(Data in this exercise Opens)

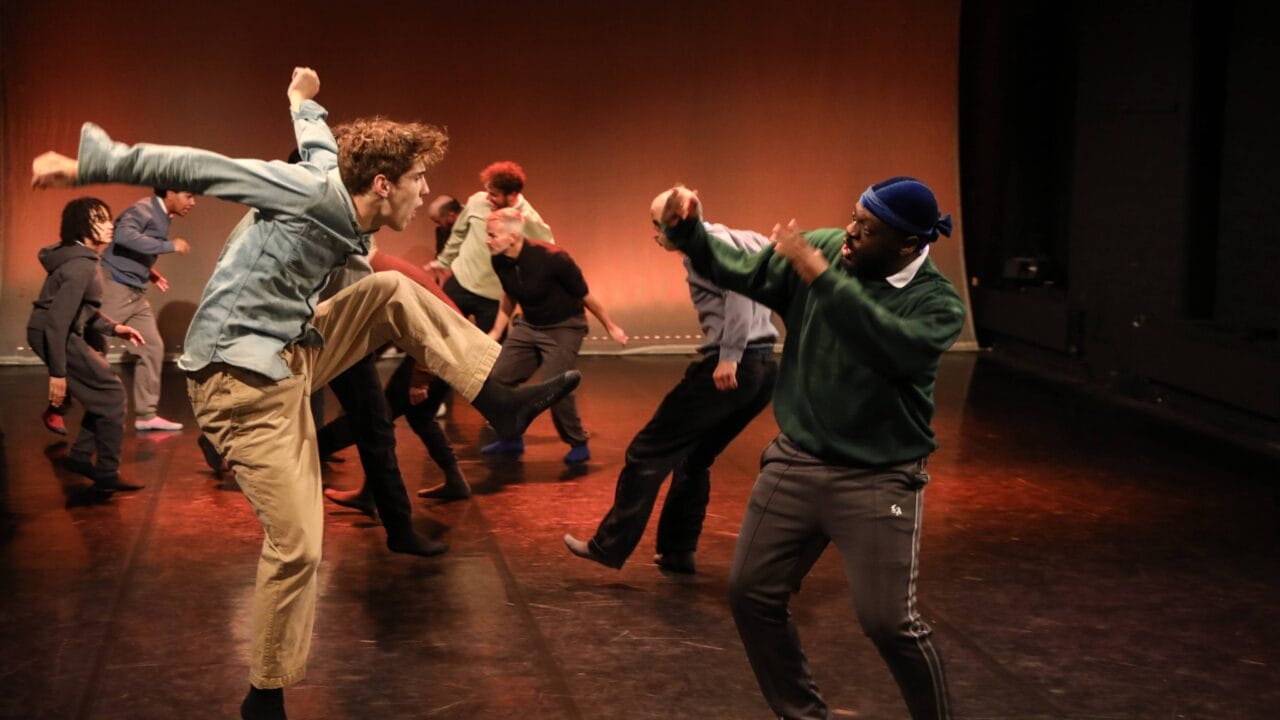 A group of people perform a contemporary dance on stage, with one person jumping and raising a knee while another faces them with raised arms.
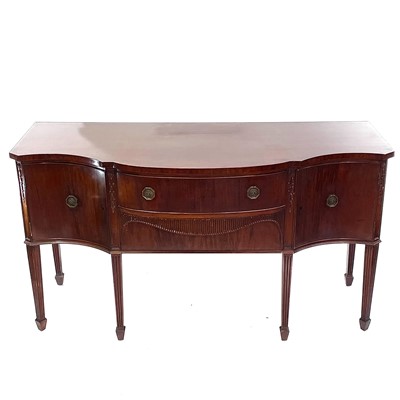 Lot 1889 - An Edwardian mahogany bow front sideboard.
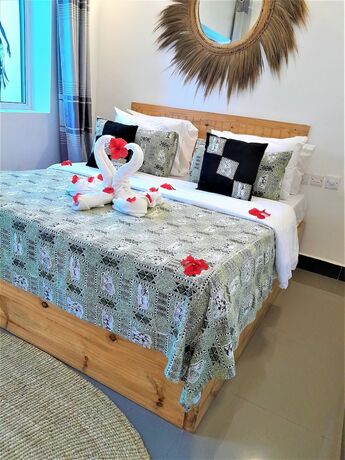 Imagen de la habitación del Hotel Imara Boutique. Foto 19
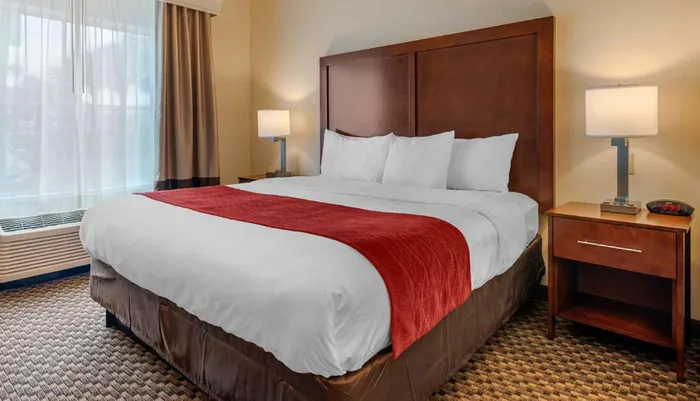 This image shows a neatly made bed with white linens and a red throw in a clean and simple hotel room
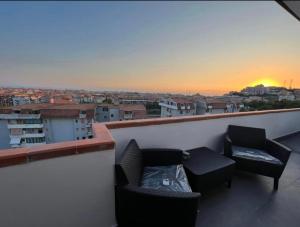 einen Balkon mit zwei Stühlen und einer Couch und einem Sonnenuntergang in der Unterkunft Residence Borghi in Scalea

(Data in this exercise Closes)

▸ **The task**: Please repeat, exactly as written, only the lines from the line with "Lot 1889 - An" to the end of the data, leaving out every picture.

▸ **Answer to this task**:
 Lot 1889 - An Edwardian mahogany bow front sideboard.
 Imagen de la habitación del Hotel Imara Boutique. Foto 19
 This image shows a neatly made bed with white linens and a red throw in a clean and simple hotel room
 einen Balkon mit zwei Stühlen und einer Couch und einem Sonnenuntergang in der Unterkunft Residence Borghi in Scalea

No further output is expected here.